#### ACTIVITY:
What is needed is a faithful copy of all the entries, with no pictures in it.

Image-caption web data
● ● ● ● ●
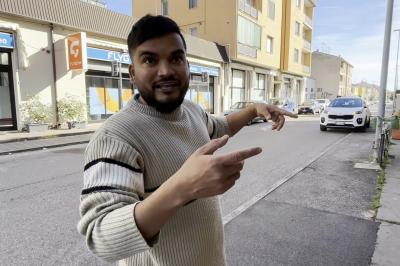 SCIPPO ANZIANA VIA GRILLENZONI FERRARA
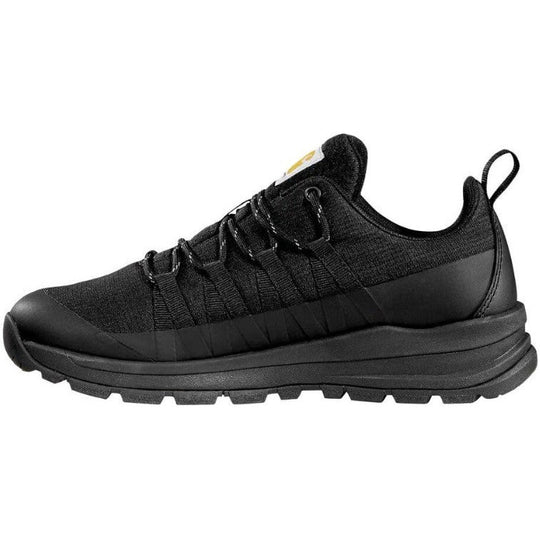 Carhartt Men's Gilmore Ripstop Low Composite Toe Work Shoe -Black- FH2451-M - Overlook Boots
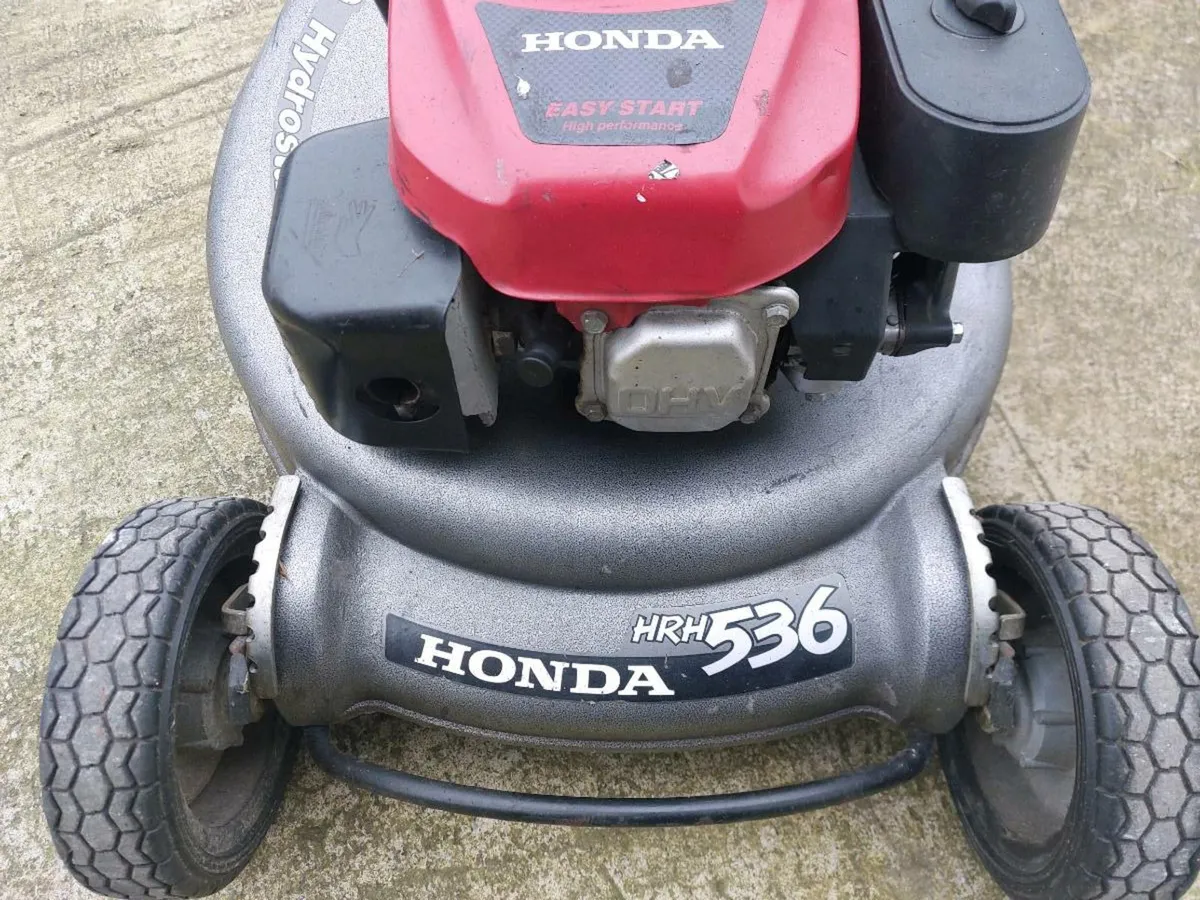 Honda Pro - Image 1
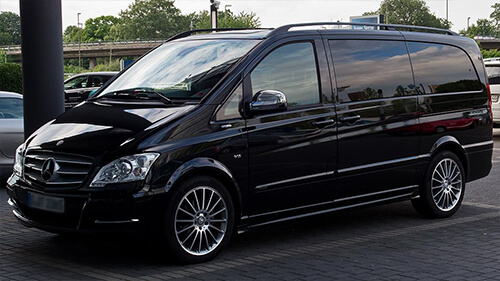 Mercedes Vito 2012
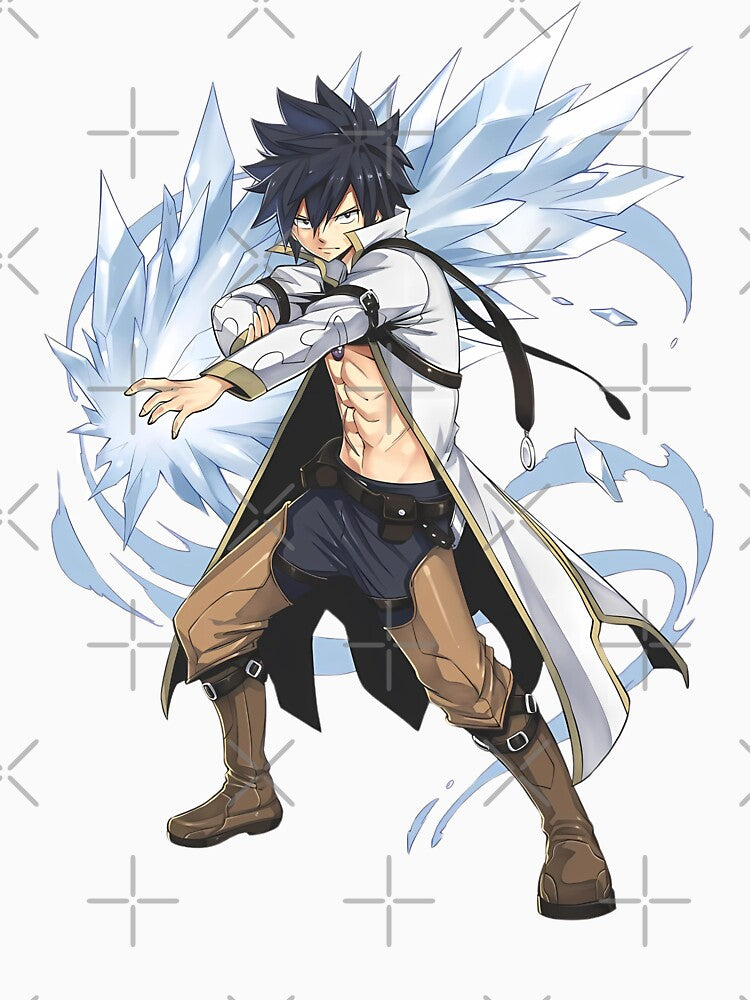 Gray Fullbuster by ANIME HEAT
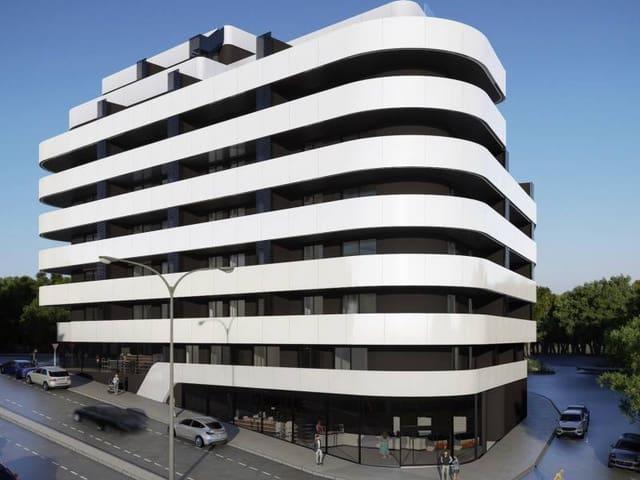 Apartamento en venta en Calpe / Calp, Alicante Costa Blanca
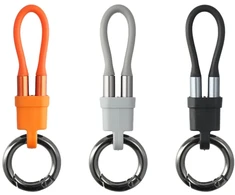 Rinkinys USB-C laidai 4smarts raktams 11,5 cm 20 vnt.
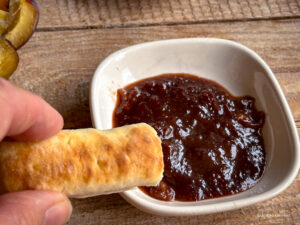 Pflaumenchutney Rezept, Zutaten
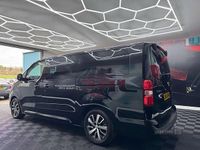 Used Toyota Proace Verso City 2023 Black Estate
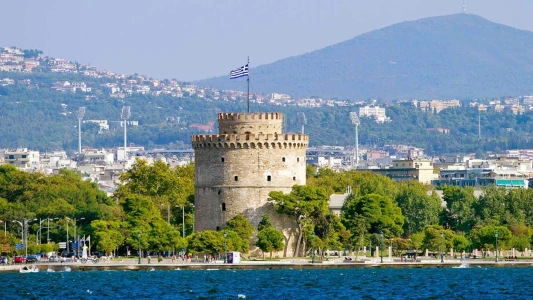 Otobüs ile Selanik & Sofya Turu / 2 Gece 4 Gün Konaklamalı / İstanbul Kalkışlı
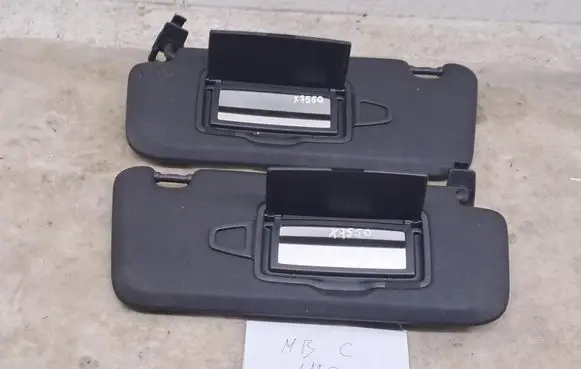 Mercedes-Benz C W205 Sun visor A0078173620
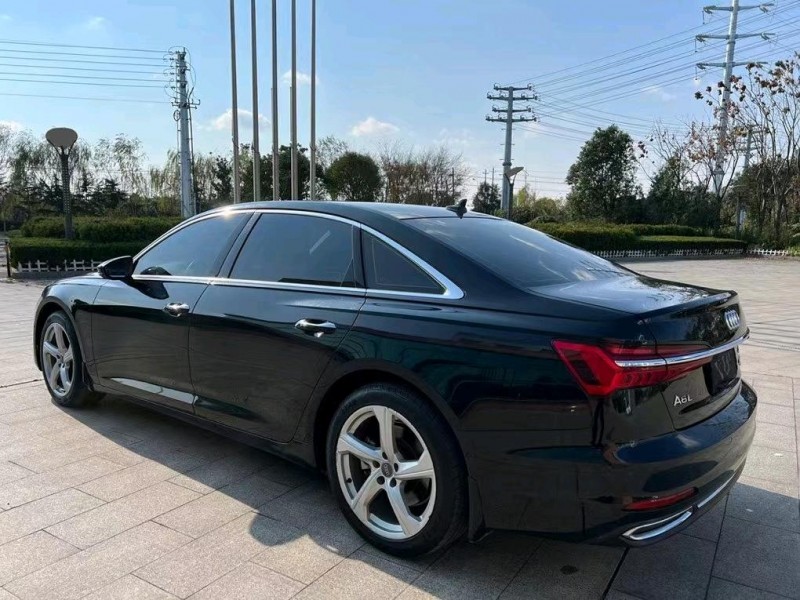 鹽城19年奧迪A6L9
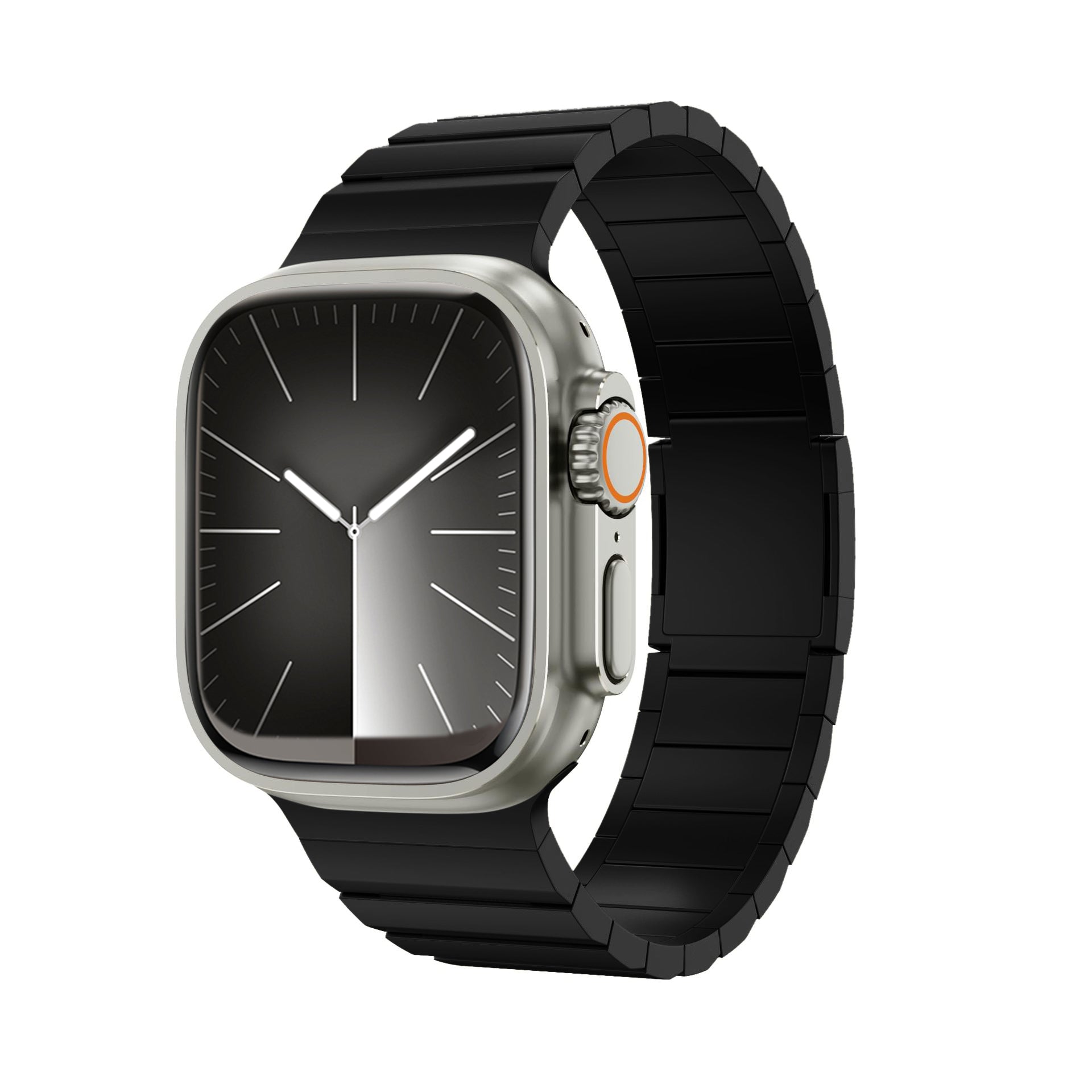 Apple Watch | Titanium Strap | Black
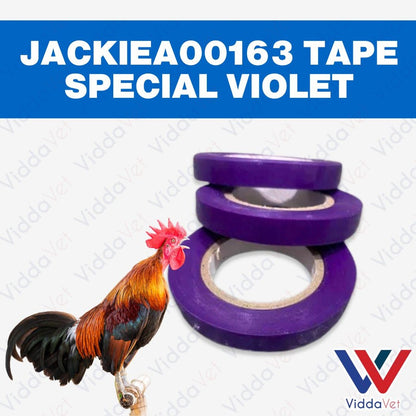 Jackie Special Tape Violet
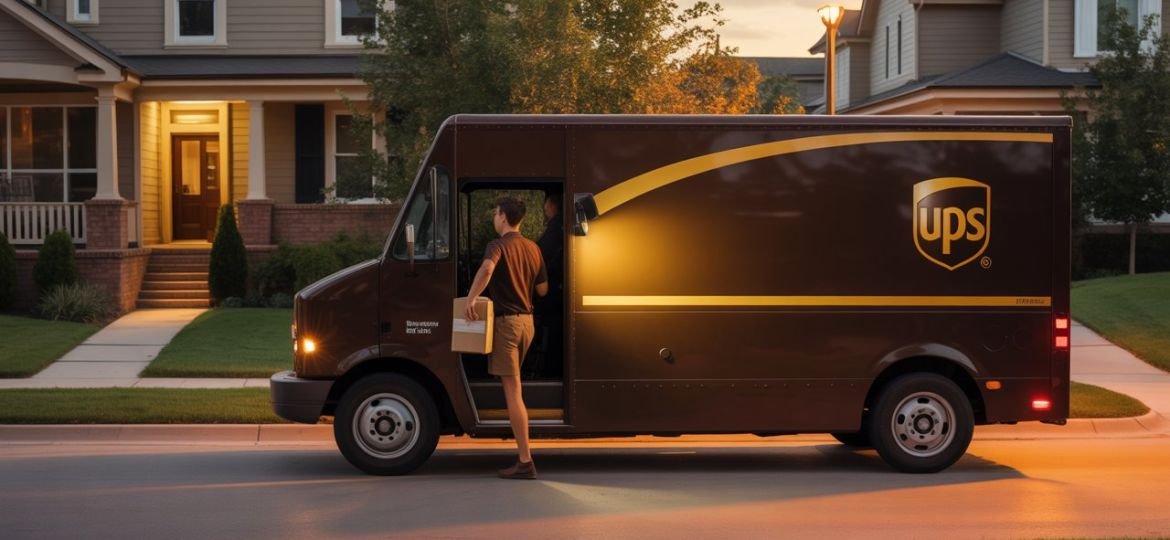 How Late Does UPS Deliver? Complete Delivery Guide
● ● ● ● ●
#### ANSWER BOX:
 SCIPPO ANZIANA VIA GRILLENZONI FERRARA
 Carhartt Men's Gilmore Ripstop Low Composite Toe Work Shoe -Black- FH2451-M - Overlook Boots
 Honda Pro - Image 1
 Mercedes Vito 2012
 Gray Fullbuster by ANIME HEAT
 Apartamento en venta en Calpe / Calp, Alicante Costa Blanca
 Rinkinys USB-C laidai 4smarts raktams 11,5 cm 20 vnt.
 Pflaumenchutney Rezept, Zutaten
 Used Toyota Proace Verso City 2023 Black Estate
 Otobüs ile Selanik & Sofya Turu / 2 Gece 4 Gün Konaklamalı / İstanbul Kalkışlı
 Mercedes-Benz C W205 Sun visor A0078173620
 鹽城19年奧迪A6L9
 Apple Watch | Titanium Strap | Black
 Jackie Special Tape Violet
 How Late Does UPS Deliver? Complete Delivery Guide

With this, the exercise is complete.